All photos by Brandon John
In New York, bodegas are notorious for remaining open when the rest of the city has fallen asleep or hidden away from impending storms. But on Thursday, hundreds of Yemeni-owned and operated bodegas closed their doors in protest of Trump's recent anti-Muslim immigration restrictions. Shortly after 5 PM, the Yemeni community rallied at Borough Hall, where individuals and families chanted, sang songs, and held signs in protest.
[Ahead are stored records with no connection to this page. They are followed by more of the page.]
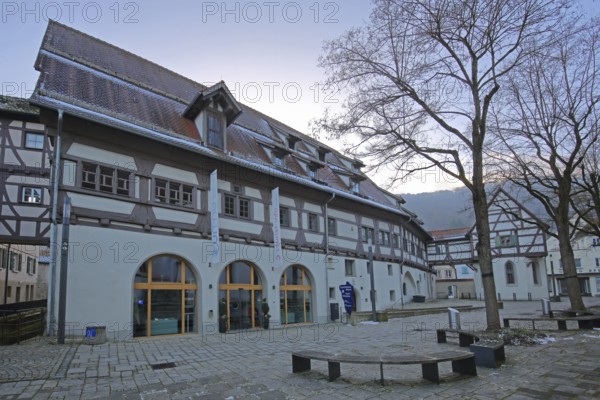 Holy Spirit Hospital built in 1424 and prehistory museum, half-timbered house, Blaubeuren, Swabian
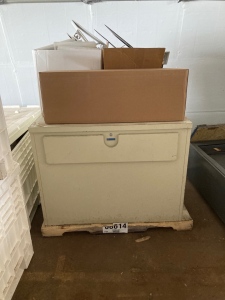 Pallet w/ container and office supplies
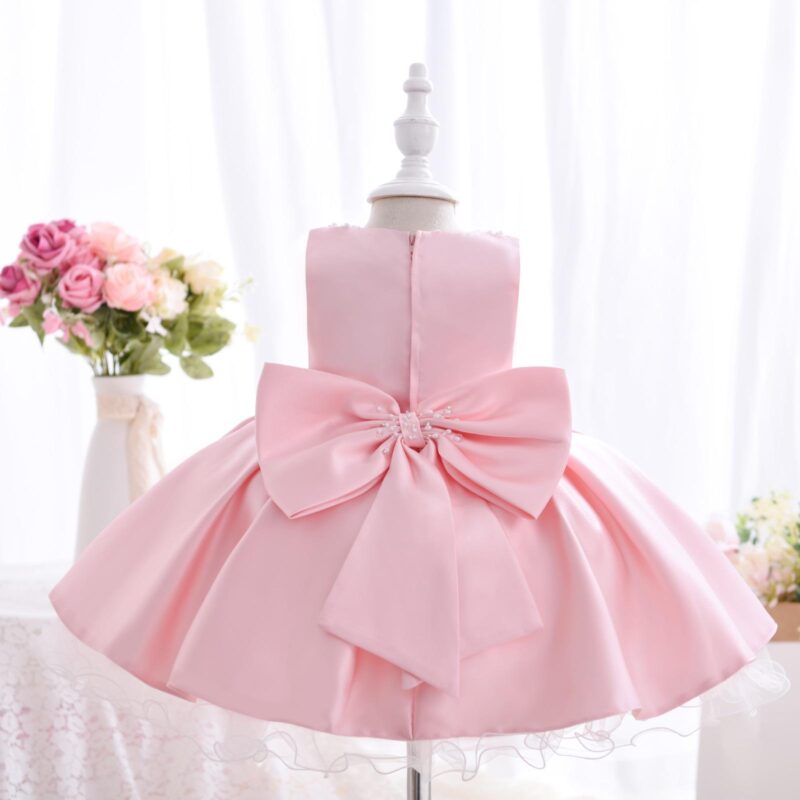 Little Princess Pearl Puffy Party Dress With Headband - Image 3
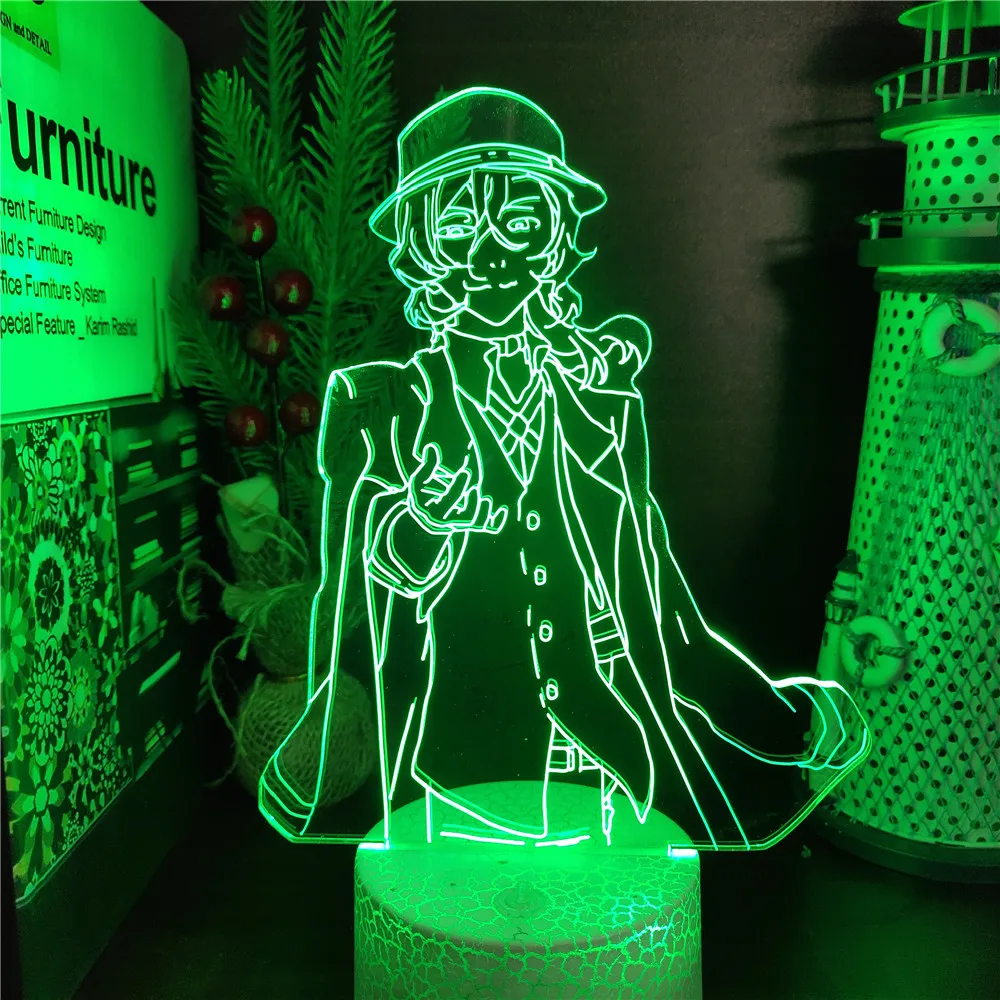 night lamp for bedroom wall Anime Bungou Stray Dogs Acrylic 3D Night Light Nakahara Chuuya Led Neon Table Lamp for Children Bedroom Decor Lampara Manga Gift dinosaur lamp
Hoisted up on shoulders or hand-in-hand with friends, children and teens joined in and carried their own signs, many of which spoke to how the ban threatens to separate their families.
Thirteen-year-old Fabook explained that his mom is currently stuck in Yemen. "It's not right," he said. "I need my mom here in America with me."
Carrying a sign that read, "HATE WILL NEVER MAKE US GREAT," 15-year-old Khaled said if he could tell President Trump anything, it would be that, "we are peaceful."